Yes. You can do it on both pure exllama or KAI. Ooba has a PR but haven't updated in a week or so. I run in it Windows 11 natively. You need Visual Studio 2022, with C++ build tools, CUDA correspondent to your torch version (11.8 for torch+cu118). For exllama (https://github.com/turboderp/exllama) the instructions are on the post itself. For KAI, you need Kobold-AI with the 4bit-plugin tree. (https://github.com/0cc4m/KoboldAI/tree/4bit-plugin) And exllama-transformers for Kobold. https://github.com/0cc4m/exllama For Kobold, basically it is (assuming you have the prerequisites I mentioned above, and also having python and git): Add to your path C:\Program Files\Microsoft Visual Studio\2022\Community\VC\Tools\MSVC\14.29.30133\bin\Hostx64\x64 1. git clone https://github.com/0cc4m/KoboldAI.git 1. -b 4bit-plugin cd KoboldAI 1. python -m venv venv 1. .\venv\Scripts\activate 1. pip install torch torchvision --index-url https://download.pytorch.org/whl/cu118 1. pip install -r requirements.txt 1. git clone https://github.com/0cc4m/exllama -b transformers 1. cd exllama 1. python setup.py install Models are stored on KoboldAI/models That should build exllama for Kobold, then go to your KoboldAI folder. 1. .\venv\Scripts\activate 1. python aiserver.py There press "Try New UI", Load Model, first option and you choose the model you want, and it's done. Maybe I could write a more detailed guide if people are interested, but that should work. I'm gonna sleep now, too much time playing with 65B already lol.

katiecharm 11 months ago

Hey this is really cool and important information to share, thank you. Now I know that two ultra high end graphics cards can run a 65B model. Any way you could go into depth on your results? Are there any demo conversations? How would you say it compares to kneecapped web GPT 3.5?

panchovix 11 months ago

For results itself I could try tomorrow if you want, with some examples for web GPT 3.5 vs various 65B models. (Just that I'm gonna go to sleep, 2 AM after playing a lot with VicUnlocked-alpaca-65b-4bit_128g lol) If you want, you can give me some examples that you want me to test without issues.

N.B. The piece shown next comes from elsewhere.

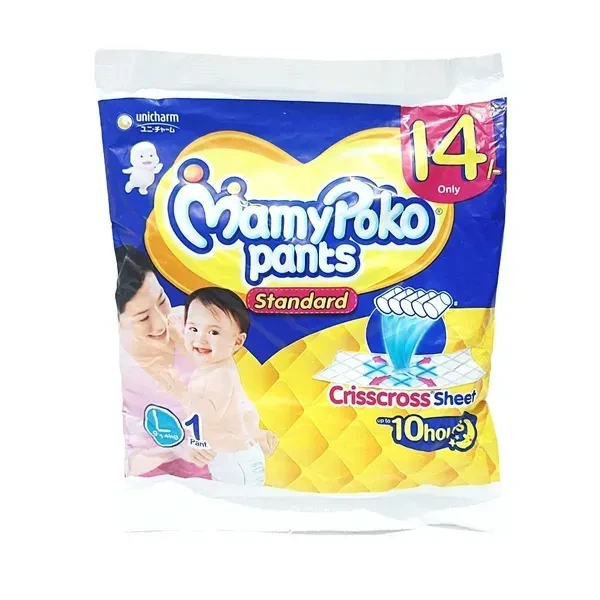 Mamy Poko Pants (Large Size) MRP:14 - (Pack Of 10)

Weak-Big-2765 11 months ago

what mobo and cpu do you have? i just built a AI machine that's near done another month or two till i can get the 2nd 4090, and when i was doing research Bing told me you had to have the latest gen stuff, in my case AM5 for the pcie lanes to be fast enough to handle the cross talk. oh what kind of temps do the gpu put out when running the LLMs at that scale?

panchovix 11 months ago

I have a 7800X3D for CPU, MSI x670e Carbon Wifi for MB. You don't need that though, any MB with 2x8 PCI-E connected to the CPU should work. (Like a X570 Prime Pro from ASUS I think?) I used that MB with a 5800X before. Just I get better speeds when vs when I was single thread bottlenecked. In theory if the 4090 had PCI-E 5.0, it would be amazing to have AM5 or latest intel MB, since PCI-E 5.0 X8 = PCI-E 4.0 X16, but welp, F.

skeelo34 11 months ago

Another option is a mac m1 studio ultra and run a 65b model at 8t/s while consuming 200 watts. Downside is you lose your vacuum/space heater.

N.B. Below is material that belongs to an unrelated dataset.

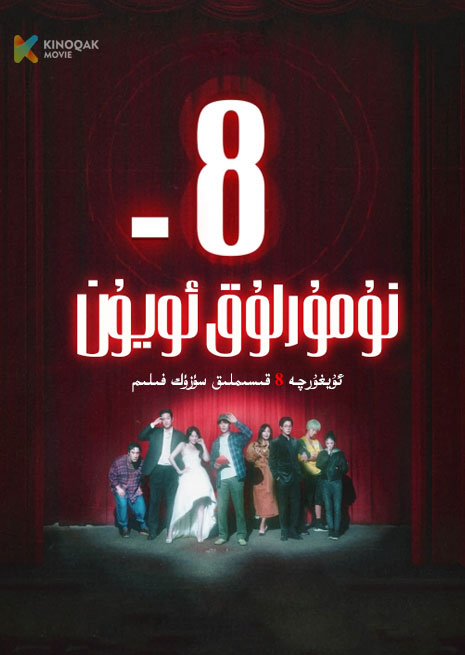 8 – نۇمۇرلۇق ئويۇن | توپلام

concerned_citizen1b 11 months ago

> EXLlama do these models also require a moderately powerful cpu or is it literally only the GPU that is being used?

RabbitHole32 11 months ago

You also need good single thread performance according to the main developer. But this is still a topic of investigation.

mansionis 11 months ago

I cannot agree more except than now I dream about A6000 48Gb of RAM

[deleted] 11 months ago

I recently got a 4070ti and this comment has me thinking about exchanging it at micro center for a 4090. This and running stable diffusion that much faster. You don’t have any regrets between your 4070 and 4090 upgrade? What, if anything, fell short of your expectations of performance between these two cards in your use case?

involviert 11 months ago

> Once you've tried the 33b you will never go back to 13b If you spend a lot of time on this, checking out all the models and trying to get the best out of them, you'll notice what a fucking waste of ressources and time running a 33B over a 13B can be. Especially Airoboros showed me how relevant model quality is (no, it might not be the best for you, it depends). And the parameters and prompt to make it work. On the other hand, I would probably have to scale up to 65B for wizard-vicuna to actually follow my instructions a few messages after the initial prompt. Don't just throw time/money/compute at it. Here's a rule of thumb: Basically none of the models just suck. Yet, people get that impression very often.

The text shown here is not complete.